What was past was past. I suppose that was the general attitude. And we Indians, immigrants from India, had that attitude to the island. We lived for the most part ritualised lives, and were not yet capable of self-assessment, which is where learning begins. Half of us on this land of the Chaguanes were pretending - perhaps not pretending, perhaps only feeling, never formulating it as an idea - that we had brought a kind of India wiith us, which we could, as it were, unroll like a carpet on the flat land.
My grandmother's house in Chaguanas was in two parts. The front part, of bricks and plaster, was painted white. It was like a kind of Indian house, with a grand balustraded terrace on the upper floor, and a prayer-room on the floor above that. It was ambitious in its decorative detail, with lotus capitals on pillars, and sculptures of Hindu deities, all done by people working only from a memory of things in India. In Trinidad it was an architectural oddity. At the back of this house, and joined to it by an upper bridge room, was a timber building in the French Caribbean style. The entrance gate was at the side, between the two houses. It was atall gate of corrugated iron on a wooden frame. It made for a fierce kind of privacy.

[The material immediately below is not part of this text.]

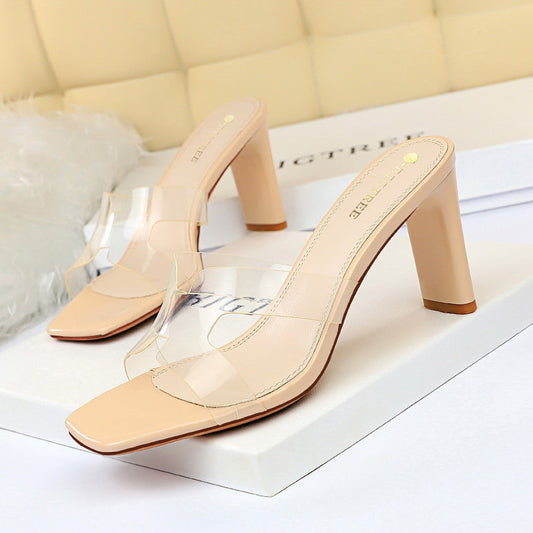 One-line cut high heel sandals
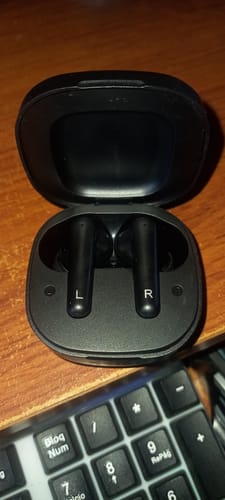 Customer photo review of Audifonos Genius HS-M910BT Inalambricos Bluetooth 5.3, reduccion de ruido, control tactil, 300 horas, tipo-C Blanco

So as a child I had this sense of two worlds, the world outside that tall corrugated-iron gate, and the world at home - or, at any rate, the world of my grandmother's house. It was a remnant of our caste sense, the thing that excluded and shut out. In Trinidad, where as new arrivals we were a disadvantaged community, that excluding idea was a kind of protection; it enabled us -; for the time being, and only for the time being - to live in our own way and according to our own rules, to live in our own fading India. It made for an extraordinary self-centredness. We looked inwards; we lived out our days; the world outside existed in a kind of darkness; we inquired about nothing.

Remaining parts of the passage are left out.